One of the names that immediately comes to mind is David Tepper, who’s been increasing his Chinese exposure significantly.

And the reason is they’re trading at very low valuations, especially when you compare it to the biggest US stocks where even having valuations over $3 trillion are trading for 35 times earnings often.

We look at the one-year returns for Chinese stocks.

You’ve got Tencent at 18%, PDD Holdings at 124%, JD at negative 9%, NetEase at 5%, Baidu at negative 20%, and Alibaba at 1%.

Clearly, one stock in this group stands out.

That’s PDD Holdings, which is Pinduoduo.

I apologize if my pronunciations are bad.

I very much struggle with this, but this is a company with $40 billion in the top line, $11 billion on the bottom line, chunky margins, growing revenue at 105%, profits at 116%.

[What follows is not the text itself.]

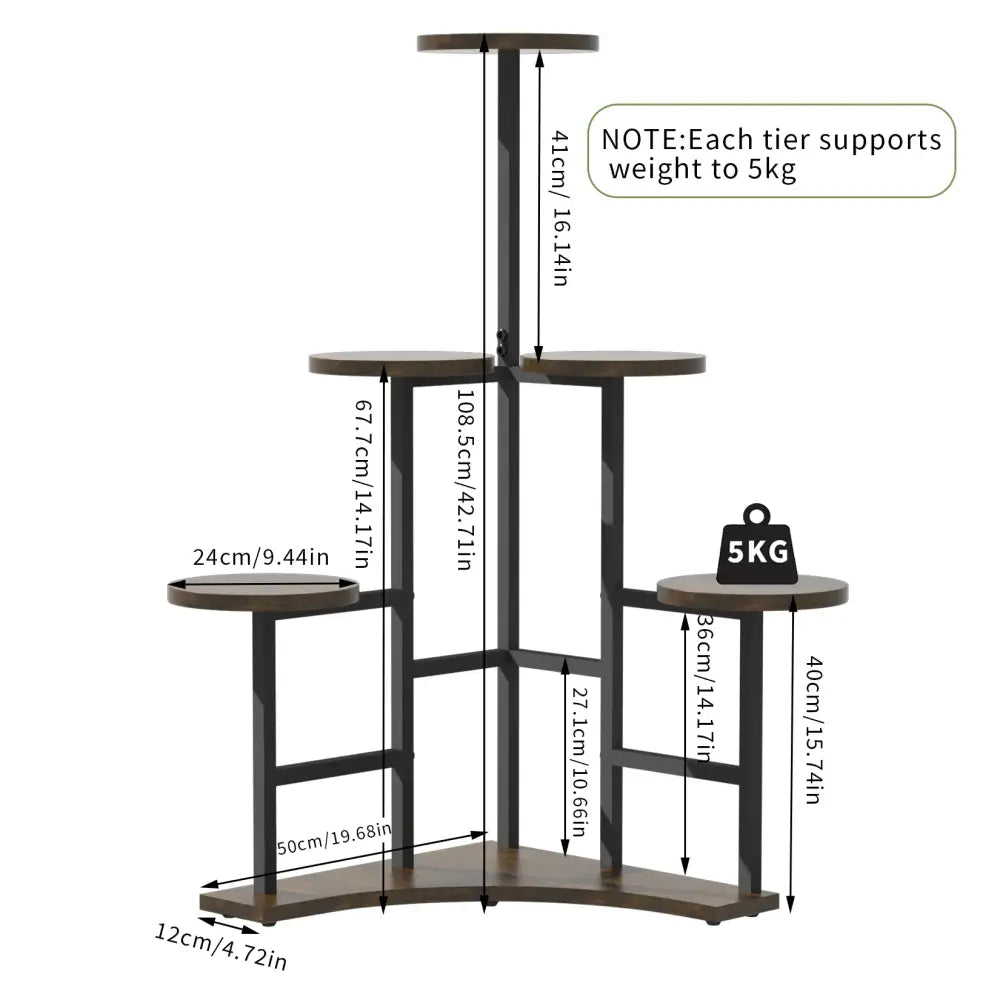 Modern black metal corner plant stand living room wood shelves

If the stock was in the US, it would definitely trade for $500 billion or more, but it’s not.

This is clearly the crown jewel amongst this cohort.

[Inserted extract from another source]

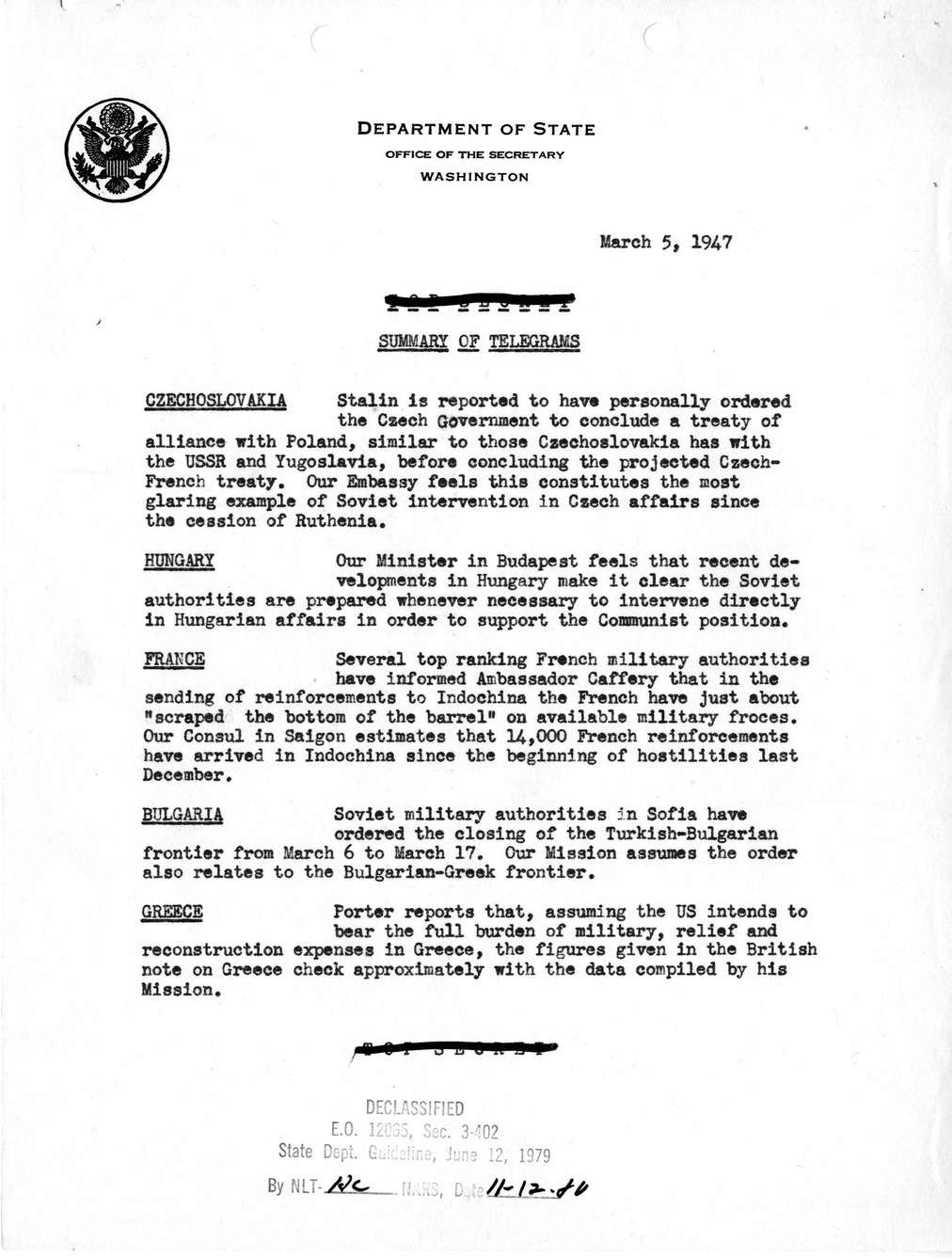 Memorandum, Department of State Summary of Telegrams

But the entire group is continuing to grow.

JD is growing revenues at 5%, profits at 26%, Baidu revenue at 7%, profits at 43%, Alibaba at revenue at 8%, profits at 10%, Tencent from revenue and a little worse on the profit side.

So the question is, should you be investing in these companies if they’re trying a far lower valuation?

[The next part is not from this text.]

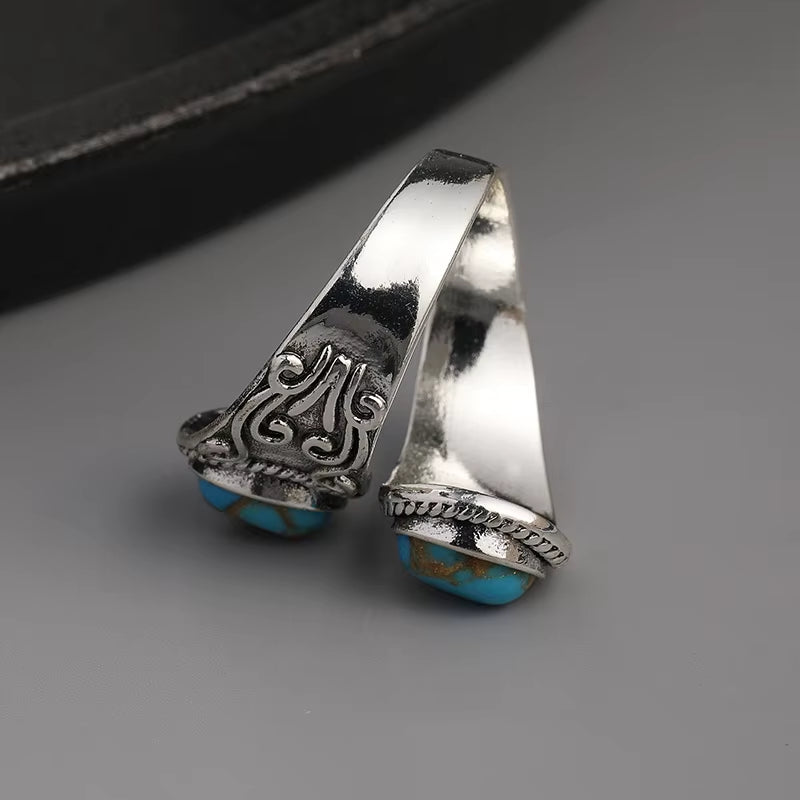 Vintage Wrap Ring Silver Plated Delicate Carving on the Surface Inlaid Turquoise Boho Style Jewelry Match Daily Outfits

And in addition to that, they are still as a group showing growth?

Well, I would say you need to ask yourself a few questions.

Number one, how comfortable are you with the potential for a zero out?

One consideration with Chinese stocks is the structure that they’ve used to be able to reach U.S. investors has always been convoluted.

There are some considerations that if there was a conflict potentially over an area like Taiwan, this could just be a zero out for U.S. investors.

Obviously, we would hope that there would be warnings, that tensions would be escalating, but that will continue to be an anchor under evaluation.

Second, what industries do you want if you’re going to look at Chinese stocks?

You know, with a lot of areas, you’ve got banking, which is, you know, largely state owned.

But one of the anchors is if you’re looking at a company like Alibaba, the government intervening in the business is what’s largely hurt a lot of the growth rates.

And third, do you want just Chinese exposure?

Do you also want multinational exposure?

If Chinese, Alibaba and Tencent are going to offer more pure place into the market itself, both multinational exposure, PDD has ownership in Timu, which is giving a lot of international growth.

So maybe that’s the stock you want to consider because you’re getting not just domestic demand, but also international.

So Austin, I would just say Chinese stocks right now, they are cheap.

But you’re going to have to live with the reasons that they’re cheap, which is those geopolitical factors and also the fact that the government has put a lid on growth in the past.

And people who have invested and been burned by this, it’s very hard to come back and do it all over.

When I hear you talk about those things, Eric, it feels to me when I’m thinking maybe about portfolio construction and position sizing, I don’t want to strain the analogy too much but maybe think of it a little bit like crypto.

Right.

Crypto has this really great narrative, but also an uncertain future.

We’re not sure, you know, which coins will end up becoming meaningful or platforms themselves.

So but there is a lot of potential there.

It’s a lot it’s got lottery ticket like economics.

So if you’re saying, hey, maybe I want to put 3%, 5% of my portfolio in crypto just because of the potential upside, you might want to think about these Chinese stocks in a similar vein.

We’re not saying go hard because there is a risk of real zeroing out.

But at these valuations, if those tensions get smoothed over, if some of that government intervention starts to pull back, these could be multibagger stocks at today’s prices.

So these might be worth a portion of your portfolio, but size it correctly for the risk involved.

Yeah.

Excellent point, Austin.

Just thinking about this as almost an asset class of its own, if you’re going to go into it and just keep it to a size that you’re going to be very comfortable with, given the potential downsides we’ve discussed in this video.